◆ Provided records ◆
- Opening Delimiter -

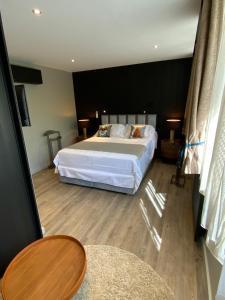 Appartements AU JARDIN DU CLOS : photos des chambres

- Closing Delimiter -
- Opening Delimiter -

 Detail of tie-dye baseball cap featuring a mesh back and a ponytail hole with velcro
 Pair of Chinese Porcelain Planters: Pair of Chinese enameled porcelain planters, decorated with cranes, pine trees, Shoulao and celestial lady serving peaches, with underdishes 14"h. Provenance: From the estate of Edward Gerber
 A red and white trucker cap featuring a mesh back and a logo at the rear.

- Closing Delimiter -
- Opening Delimiter -

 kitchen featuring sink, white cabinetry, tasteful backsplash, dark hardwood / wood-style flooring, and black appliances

- Closing Delimiter -

◆ Your objective ◆
Each line of the data that contains "featuring" belongs in the answer.

◆ Answer to the problem ◆
 Detail of tie-dye baseball cap featuring a mesh back and a ponytail hole with velcro
 A red and white trucker cap featuring a mesh back and a logo at the rear.
 kitchen featuring sink, white cabinetry, tasteful backsplash, dark hardwood / wood-style flooring, and black appliances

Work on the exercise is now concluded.